Sunday, September 12, 2010

Quran burning and US inconsistency

 Al-Jazeera

Why does the US government think burning Qurans is less civilised than drone attacks on civilian populations?

Barack Obama, the US president, has warned that threats to burn the Quran are a sure and effective way to swell the ranks of al-Qaeda. This may be true, but largely because such symbolic acts of ‘Islamophobia’ are widely viewed as verifying the perception that the US wars in Afghanistan and Iraq, along with its backing of Israel, are motivated by its hostility towards Muslims.

The previously unheard of pastor of a small Florida church may have scrapped his plan to publicly burn hundreds of Qurans on the ninth anniversary of the 9/11 attacks, but the threat alone has done untold damage to the already troubled relationship between the Muslim world and the West.

The US government’s reaction to the plan will not have gone unnoticed. But no matter how strong the words of condemnation, those on the receiving end of US occupation or air raids will be struck by the apparent inconsistency.

General David Petraeus, the US commander in Afghanistan, warned that burning the Quran could endanger the lives of US troops who might become the target of retribution. But why do Obama and Petraeus think that burning the Quran is any less civilised or more dangerous than their use of unmanned drones to target suspected Taliban or al-Qaeda fighters and the subsequent civilian casualties these attacks often entail?

Terry Jones, the pastor behind the planned Quran bonfire, may be insane, as some, including his own daughter, have suggested. But what excuse do sane and sophisticated people like Obama, Petraeus, and Robert Gates, the US secretary of defence, have?

Dehumanisation
In his Cairo speech, Obama attributed the blame for some of the misunderstanding between the West and the Muslim world to the acts of terrorism carried out by a minority of Muslims. “The attacks of September 11, 2001 and the continued efforts of these extremists to engage in violence against civilians has led some in my country to view Islam as inevitably hostile not only to America and Western countries, but also to human rights,” he said. But he totally glossed over the fact that before – just as after – 9/11, the US engaged in unjust wars against mainly Muslim countries – a threat that is more potent than any plan to burn Qurans.

If it were not for these wars and a history of US support for the Israeli occupation and dictators in the region, the threat to burn Qurans – as ugly and offensive as it clearly is – would not have been anything more than the act of a small-time minister searching for attention and obsessed with his own prejudices.

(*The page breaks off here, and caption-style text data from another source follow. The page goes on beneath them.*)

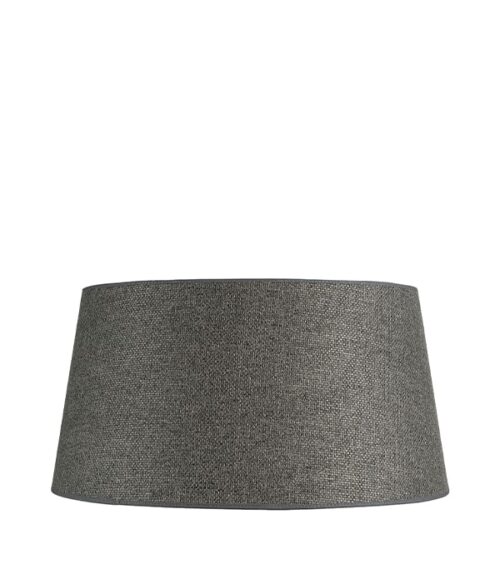 Artwood Lampskärm Classic Rave Wood Large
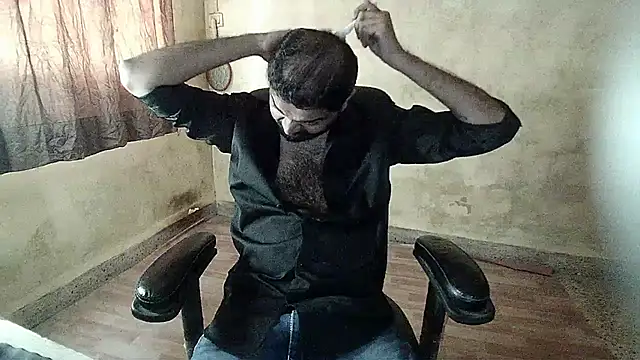 mynastyfuckerr online show from February 4, 10:21 am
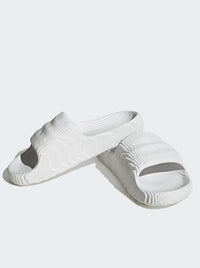 Adilette 22 Unisex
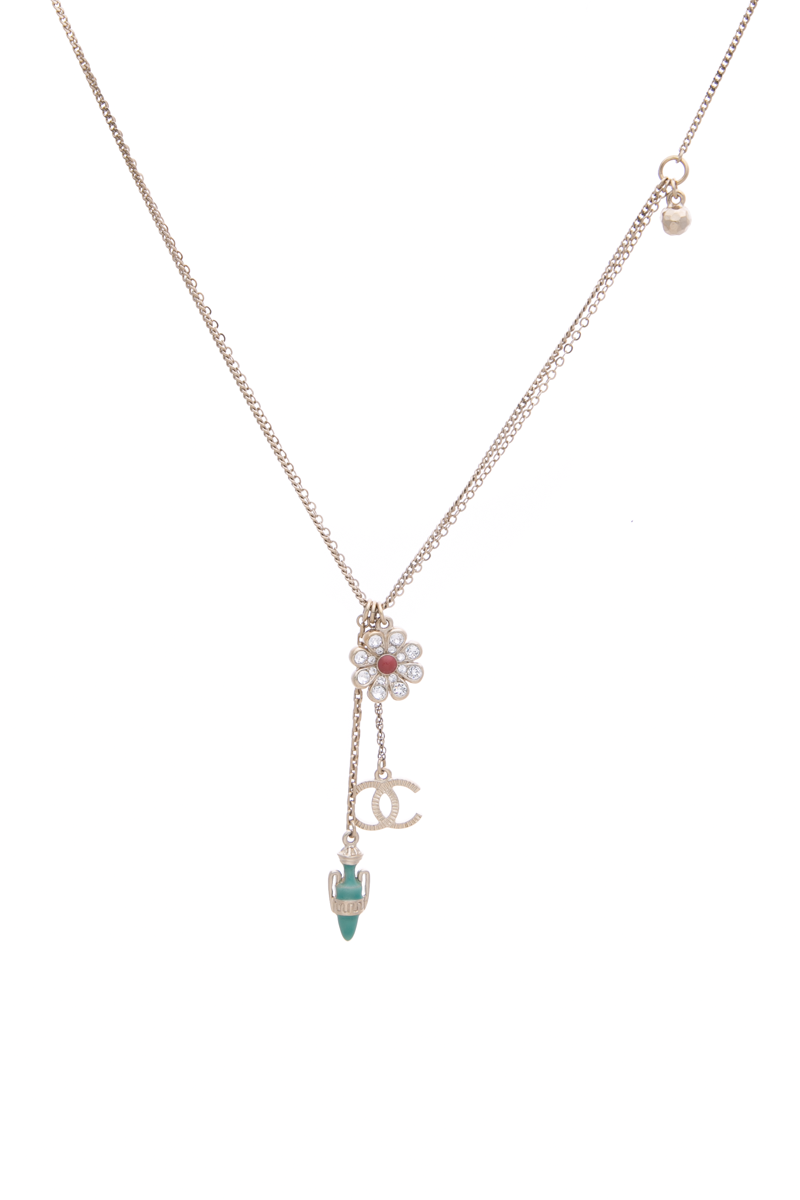 Chanel-Charms-Lariat-Necklace-291195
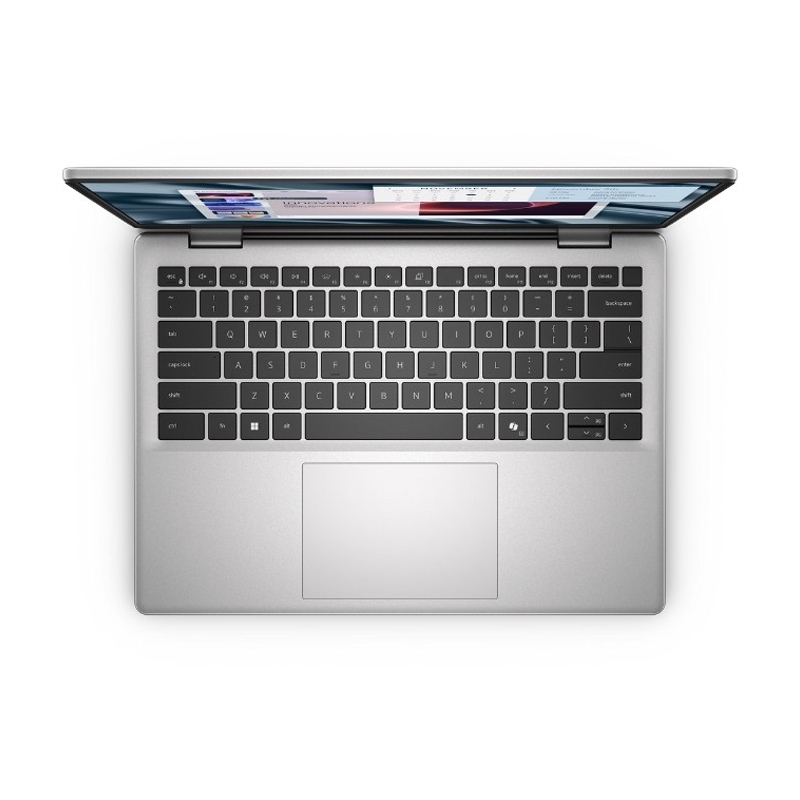 Laptop Dell Pro 14 Essential PV14250-71092352 (Core 5 120U | 16GB | 1TB SSD | 14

But in an atmosphere of ‘Islamophobia’ – fed by a mistrust and ignorance of Islam – and US wars against Muslim countries, the suggestion of a Quran-burning day becomes something much more significant.

It also reflects the general dehumanisation of Muslims and Arabs – particularly those who have been the victims of American and Israeli bombings – that has taken root, allowing some of the US public to become immune to the crimes committed by their own government or with their government’s backing.

Today, as Americans grieve the victims of the 9/11 attacks, it is important to recognise that sorrow is a shared universal sentiment that does not exclude religions or races.

In the weeks following 9/11, the American press devoted pages and air time to giving a human face to the victims of the attacks. It is not realistic or even right to expect the American media to give the exact same treatment to the victims of US wars. But, until very recently, the US media rarely even questioned the wars in Afghanistan and Iraq and when it did, the questions asked rarely centred on the civilian deaths, which were at best seen as inevitable incidents of war and, at worst, as necessary collateral damage.

Such a mentality is more damaging in the long run than any individual threatening to burn the Quran, because it plants the seeds of dehumanisation.

In the words of Kathy Kelly, an American peace activist who is currently facing trial for ‘trespassing’ in a drone-manufacturing plant during an anti-war protest, the mainstream media “does little to help ordinary [Americans] … understand that the drones which hover over potential targets in Afghanistan, Pakistan and Yemen create small “ground zeroes” in multiple locales on an everyday basis”.